Intel Chief Executive Paul Otellini showcased the top chipmaker's long-awaited push into smartphones and talked up ultrathin laptops he hopes will spice up a category that seems increasingly dull compared to tablets and other mobile devices.
With worldwide PC sales barely growing, Intel Corp has been racing to find a foothold in smartphone and tablet markets, where processors based on ARM Holdings Pls's power-efficient chip designs are widely used.
Last month in India, Lava International launched the first smartphone using Intel's new Medfield processor and the device has received respectable reviews from benchmark testers.
Intel has also announced the Medfield chips would be used in upcoming phones from Motorola Mobility Holdings Inc, Lenovo Group Ltd ZTE and Orange.
"We're getting awfully good reviews for our first phones," Otellini told investors at an annual Intel event. "We have ambitions; you'll see more announcements over time and very cool capabilities built into phones."
Many investors are waiting to see how successful the new handsets become with consumers before declaring that the chipmaker is a serious player in the mobile market. But growing expectations that Intel will be able to compete have fueled gains in its shares in recent months.
Intel is also heavily promoting a PC category it has dubbed ultrabooks, similar to Apple Inc's Macbook Air and offering some of the technological chic the iPad and other tablets epitomize.
Some investors are concerned that the expensive components used in them, such as solid-state drives, make them too pricey for many consumers. They worry Intel may sacrifice profit margins on sales of its processors to help make ultrabooks affordable.
Otellini said sales were on track and would pick up in the second half of 2012 as more manufacturers start using Intel's new Ivy Bridge processor.
"We're on track to meet our goal of 40 percent of consumer notebooks this holiday season being ultrabooks," Otellini said.

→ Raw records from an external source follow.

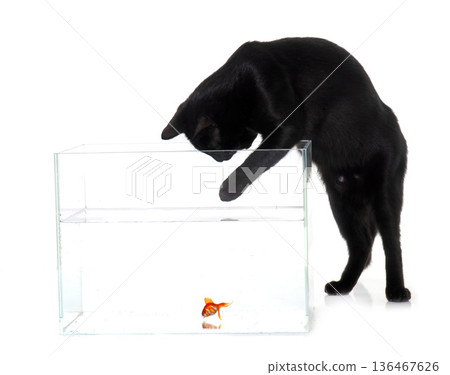 red goldfish and black cat red goldfish and black cat 136467626
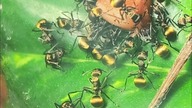 moje mrówki na kurczaku hodowane  #hodowla #ants #terrarium #dives #garden #mrówki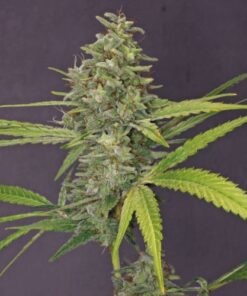 G13 Haze - 10PACK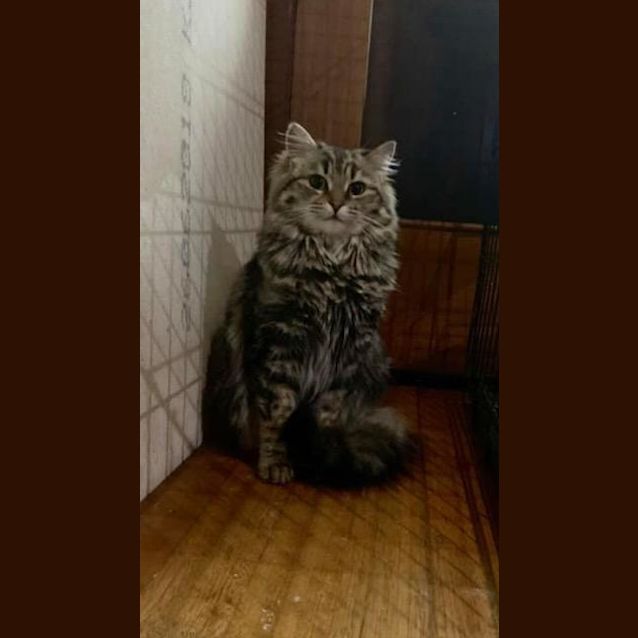 Photo of Lucy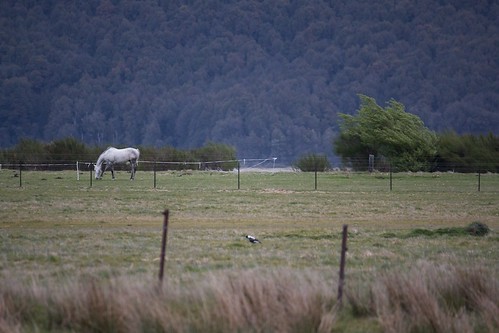 newzealand horses animals landscapes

Last month, Intel posted quarterly earnings that failed to inspire gains in its recently high-flying stock and also said costs associated with ramping up new production lines for the Ivy Bridge chips would hurt gross margins more than expected.
Otellini said manufacturers are working on 20 tablets using Intel processors and Microsoft's long-awaited Windows 8 platform, expected later this year.
He also forecast that Intel, with its deep pockets, would become one of an increasingly smaller group of leading-edge chip manufacturers as the sector moves toward larger and costlier factories.
With the industry preparing to increase the size of the silicon wafers it uses, letting manufacturers fit more chips on each, future leading-edge factories will cost over $10 billion each to build, compared with about $5 billion now, Otellini added.